Sebuah lahan kosong di kawasan Jalan Arjuna, Kebon Jeruk, Jakarta Barat, dilalap si jago merah pada Minggu (19/5) sore. Insiden ini, yang diduga kuat berasal dari aktivitas anak-anak membakar sampah, memicu kepanikan warga sekitar namun berhasil dipadamkan tanpa menelan korban jiwa. Dinas Penanggulangan Kebakaran dan Penyelamatan (Gulkarmat) Jakarta Barat dengan cepat mengerahkan sejumlah unit armada untuk mengendalikan api sebelum meluas ke permukiman padat penduduk.
Peristiwa ini menjadi sorotan serius di tengah musim kemarau yang mulai terasa di ibu kota, mengingatkan kembali akan bahaya laten aktivitas pembakaran terbuka, terutama oleh anak-anak yang belum memahami risiko fatalnya.
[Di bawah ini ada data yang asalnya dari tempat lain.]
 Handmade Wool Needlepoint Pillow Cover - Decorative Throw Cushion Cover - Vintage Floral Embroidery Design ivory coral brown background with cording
Lahan kosong yang kering menjadi media yang sangat rentan untuk menjalarkan api dengan cepat, mengancam keselamatan dan kualitas lingkungan sekitar.
Dugaan Kuat: Ulah Anak-Anak Bakar Sampah Jadi Pemicu
Berdasarkan keterangan saksi mata di lokasi dan hasil penyelidikan awal, api pertama kali terlihat membumbung tinggi dari titik tumpukan sampah di lahan kosong tersebut. Warga yang melihat kejadian itu segera melaporkan ke pos pemadam kebakaran terdekat. Dugaan awal mengarah pada anak-anak yang bermain api atau membakar sampah di area tersebut tanpa pengawasan orang dewasa.
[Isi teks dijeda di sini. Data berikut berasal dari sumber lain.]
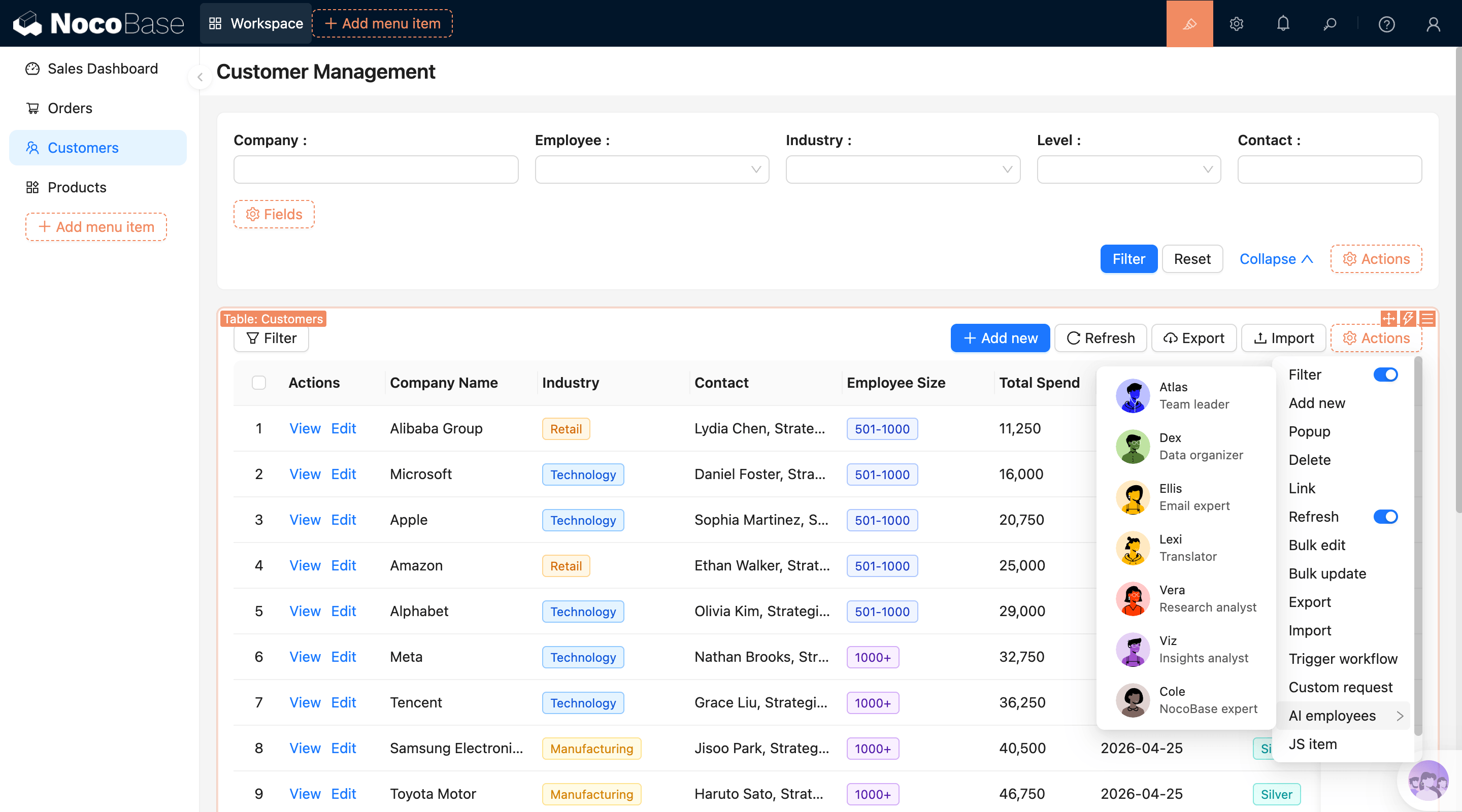 NocoBase 演示界面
“Kami mendapat laporan sekitar pukul 16.30 WIB. Begitu tiba di lokasi, api sudah cukup besar melalap semak belukar dan sampah yang menumpuk di lahan kosong itu,” ujar salah satu petugas Gulkarmat Jakarta Barat. “Beberapa warga menyebut melihat anak-anak bermain di sekitar lokasi sebelum api membesar.”
Petugas pemadam kebakaran membutuhkan waktu sekitar satu jam untuk sepenuhnya memadamkan kobaran api. Area yang terbakar diperkirakan mencapai puluhan meter persegi, meliputi semak belukar kering dan tumpukan sampah anorganik. Meskipun tidak ada korban jiwa maupun luka-luka, asap tebal sempat menyelimuti area sekitar, mengganggu pandangan dan pernapasan warga.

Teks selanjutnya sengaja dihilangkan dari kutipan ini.